▶ **TO DO**: Your answer must be the exact lines from the one with "Hennessy Hotel" to the end of the data, both included, with no pictures.
╭──
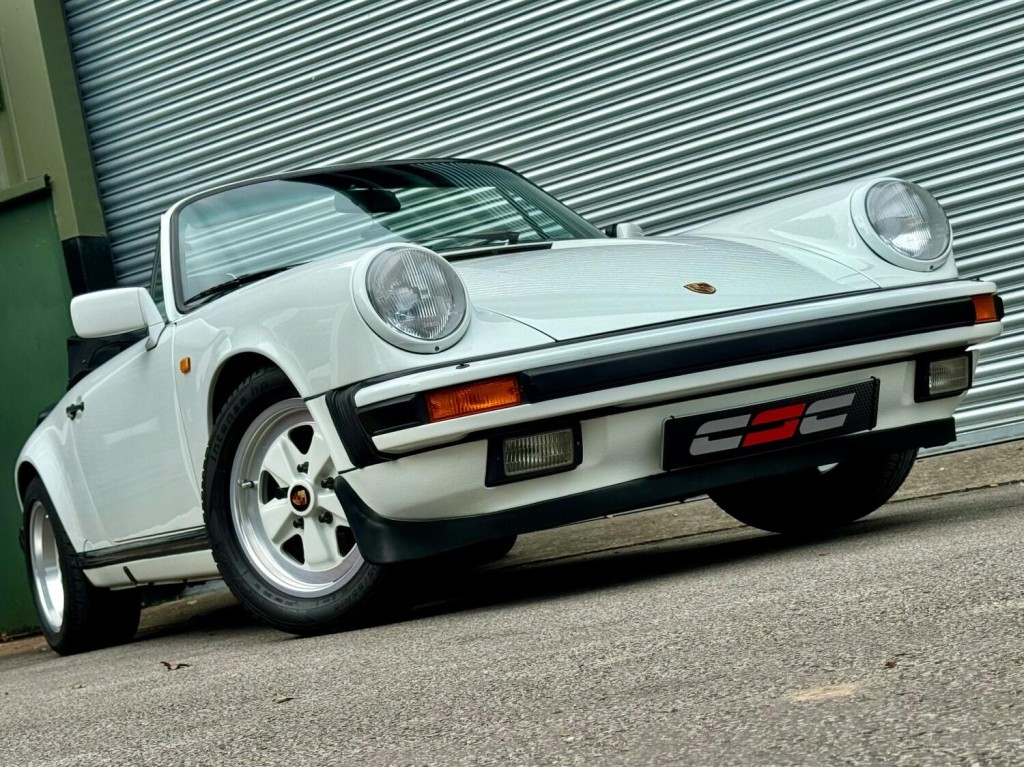 PORSCHE 911 CLASSIC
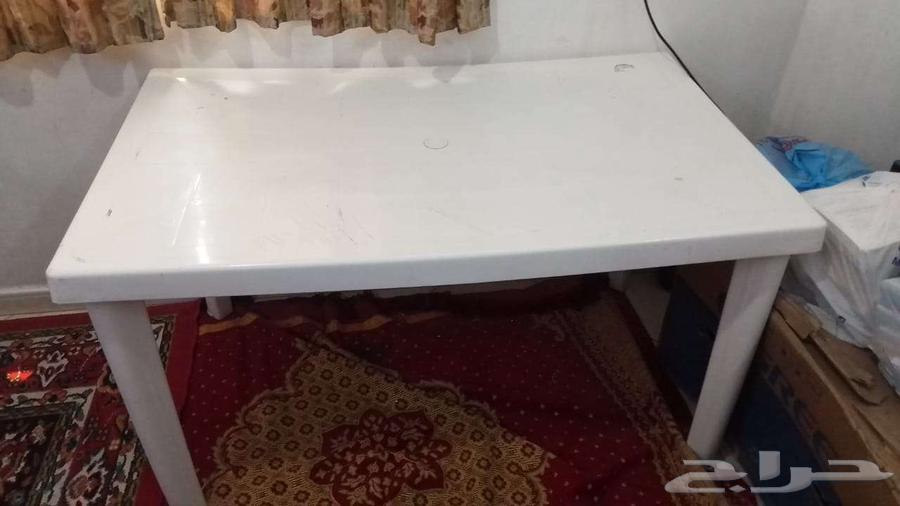 طاولات وكراسي للبيع المستعجل64211308255107113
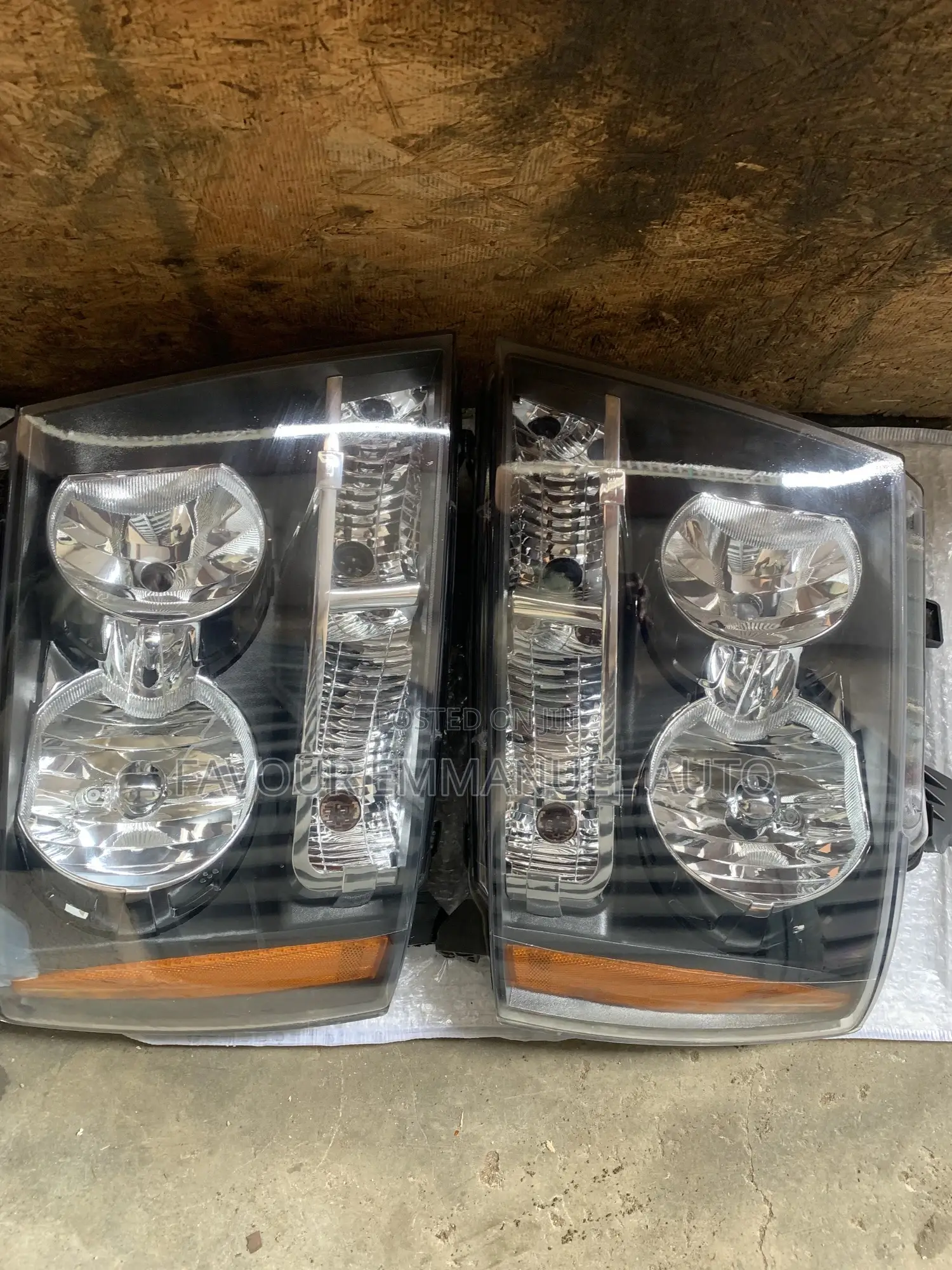 Headlamp Chevrolet Tahoe 2010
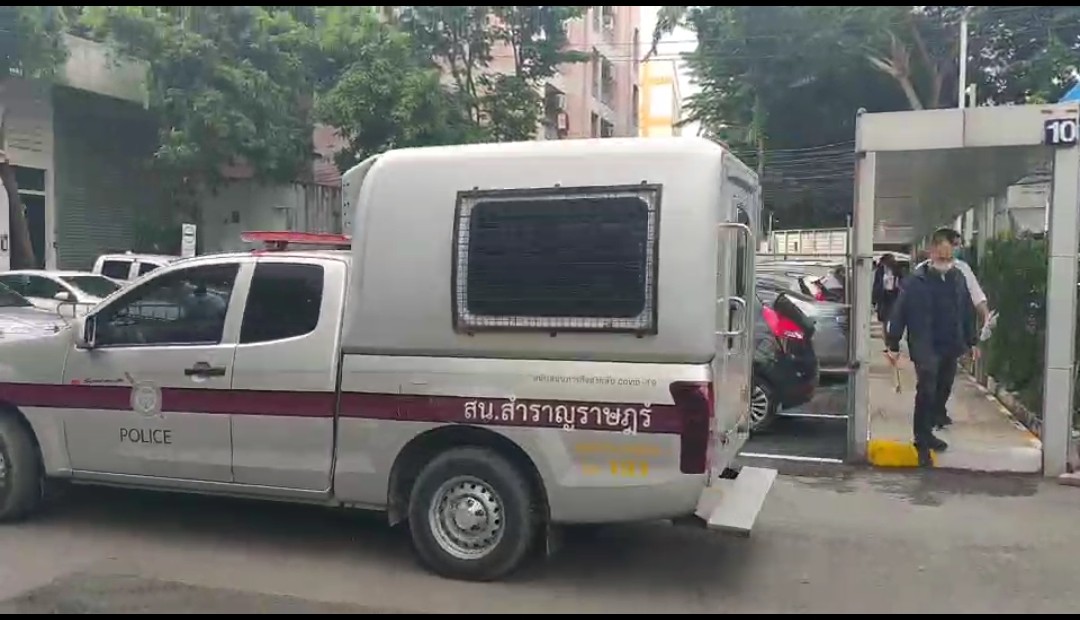 ตำรวจคุม "ไผ่ ดาวดิน" จาก ตชด.ภาค 1 มาส่งฟ้องศาลอาญารัชดาภิเษกแล้ว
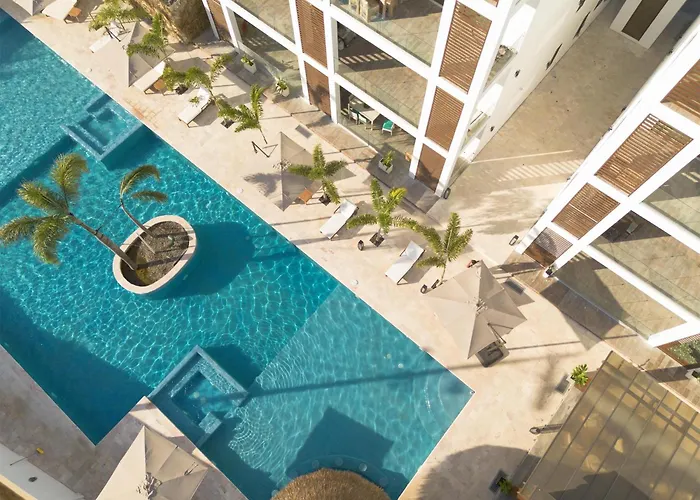 Acqua Di Mare Resort West Bay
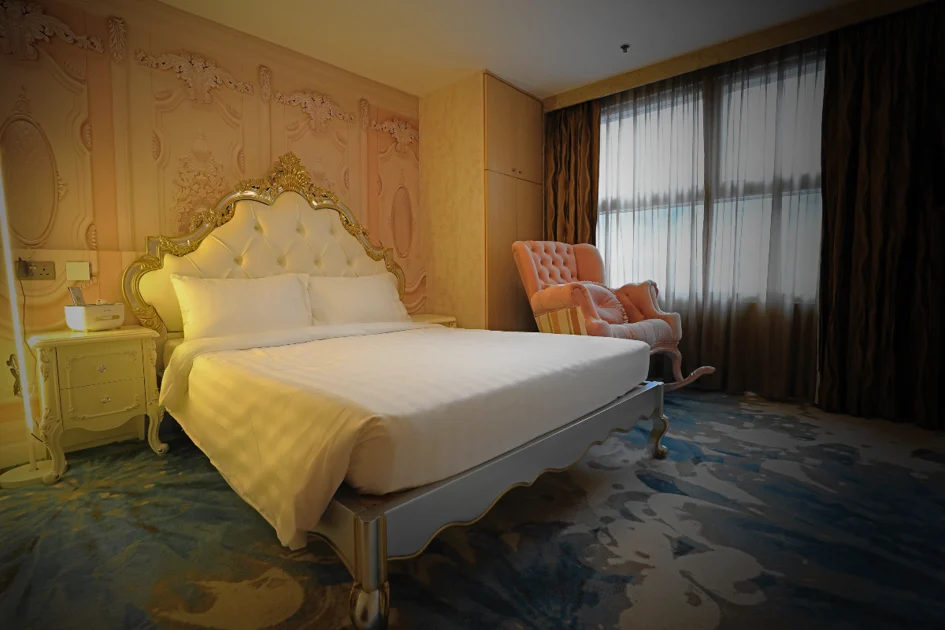 Hennessy Hotel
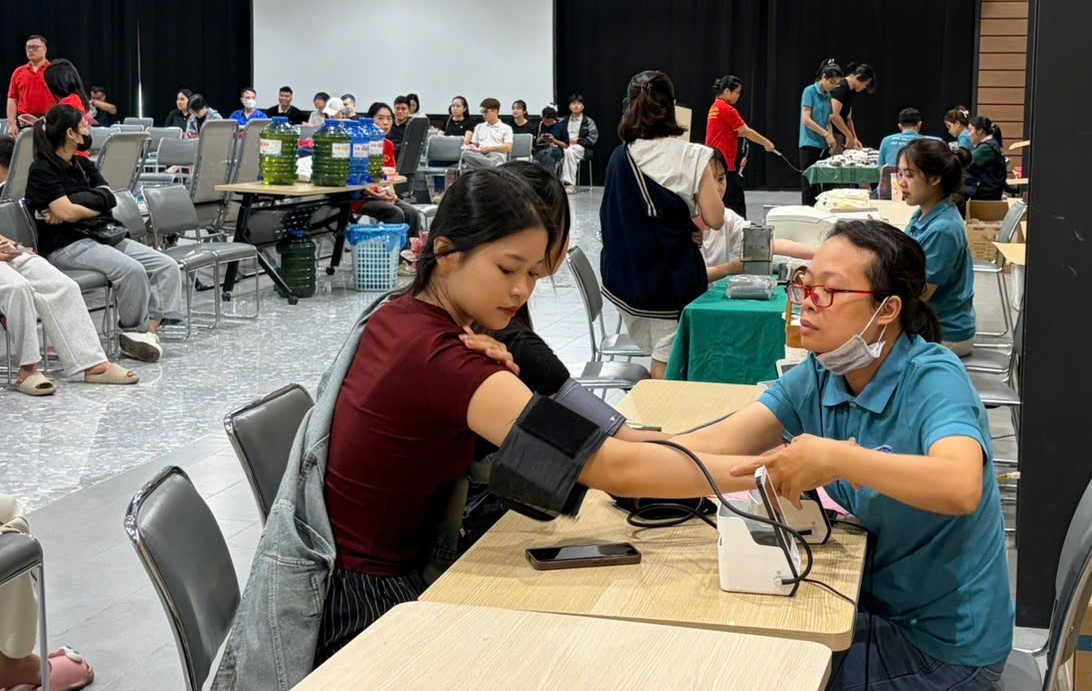 Lan tỏa nghĩa cử hiến máu tình nguyện hưởng ứng Ngày Sức khỏe toàn dân 7/4 tại Hải Phòng- Ảnh 3.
╰──
▶ **RESPONSE AREA**:
 Hennessy Hotel
 Lan tỏa nghĩa cử hiến máu tình nguyện hưởng ứng Ngày Sức khỏe toàn dân 7/4 tại Hải Phòng- Ảnh 3.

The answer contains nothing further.